We Just Got our Whooping Cough Booster Shots!

That’s interesting, and I hope it really takes hold.

Agreed, but it would be disingenuous to think that an important decision like this would be made in a vacuum.

As Broomstick says, adults being vaccinated is also part of herd immunity. As a healthy adult with no lung issues, whooping cough probably wouldn’t be a huge deal for me, but my vaccination is part of breaking the infection chain - I don’t get it, I don’t infect other people.

I had it when I was very young, so I don’t remember it. My Mum apparently very much remembers me stopping breathing a couple of times.

Eta:
Unsurprisingly my whooping cough happened when I was too young for the vaccine but there was widespread avoiding the vaccination in the UK due to public fears regarding it which was egged on by the press. This was the mid 1970s.

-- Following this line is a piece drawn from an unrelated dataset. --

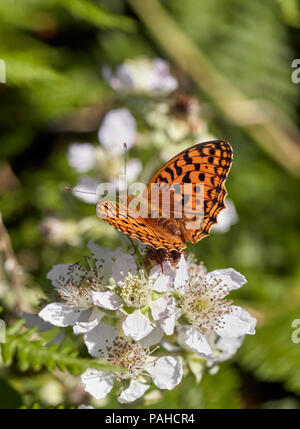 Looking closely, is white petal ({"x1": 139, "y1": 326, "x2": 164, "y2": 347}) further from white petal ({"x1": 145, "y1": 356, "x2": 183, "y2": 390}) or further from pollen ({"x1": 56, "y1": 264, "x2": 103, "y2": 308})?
pollen ({"x1": 56, "y1": 264, "x2": 103, "y2": 308})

Absolutely. Its not called “the 100 days cough” for nothing. Had it once & many Drs by us refused to diagnose it leading to visits to different GP after different GP about why I never seemed to be getting any better.
Evidently if you get cornered into declaring it Whooping Cough, its All Your Fault, it makes you a Bad Dr, and you lose your shot at first Tee-Off times at AMA accredited golf courses.

“Dr, I’m coughing to the point where I’m actually passing out…”
“Hi! I’m Dr Lyingsonofbitcheson. Just spray this Chloraseptic down your throat an you’ll be fine in a week.”
Just don’t come back, Plague Carrier.

Speaking of which, here’s a classic post on the subject:

Yes, being deliberately stoopid is so darn frustrating!

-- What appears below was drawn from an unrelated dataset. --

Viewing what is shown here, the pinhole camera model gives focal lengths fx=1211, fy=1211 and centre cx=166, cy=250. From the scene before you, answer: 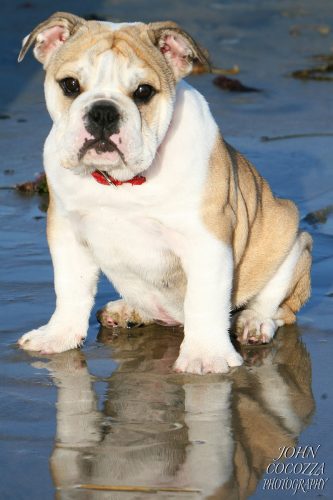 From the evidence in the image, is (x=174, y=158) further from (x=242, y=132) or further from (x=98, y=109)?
(x=242, y=132)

Herd immunity isn’t that hard to figure out, either (if I’m understanding it correctly myself) - everyone’s vaccinated*, so no one gets the disease, so they don’t infect the people who are too young, too sick, and too old to fight the disease off, so these vulnerable people are protected by everyone else looking out for them. Where’s the bullshit there?

*Except the people who actually can’t get vaccinations, which is a very small percentage.

ETA: And by “classic,” you mean “makes you want to tear your hair out and yell at somebody?”

I understand your hesitation about forcing people to have shots. However, there is another path that I’ve seen being taken:

In order to attend school, children must be able to show proof of vaccination. No proof, you’re not allowed in school until you can show proof.

This isn’t the government *forcing *anyone to have a vaccination. However, if you aren’t vaccinated, you can’t partake of some of the services that the government provides.

J.

Eh. Ten years is long enough. Tetanus was always five to ten, and I always got those.

Apologies to everyone who’s heard this before. Because titers were part of my prenatal blood tests, back in the day, I’ve had three rubella shots. And I still showed no trace of immunity when I had my third child, a year and a half after the last shot. Despite the doctor recommending that I get one from the pediatrician, I didn’t bother getting a fourth one.

But I’ve had a whooping cost booster within the last five years.

That makes all kinds of sense to me. The downside, I guess, is that the people who would tend to homeschool anyway (because they don’t want their kids’ religious brainwashing getting watered down) will just homeschool anyway, not solving anything.

Another step we could take is travelling across country borders - you don’t get to leave your country of origin if you can’t prove vaccinations. It would help to keep outbreaks from going global at least.

jharvey’s point made a lot of sense to me too.

The traveling requirement could get awfully complex, though. Since the things you’d need to be vaccinated against are going to change from region to region across the world.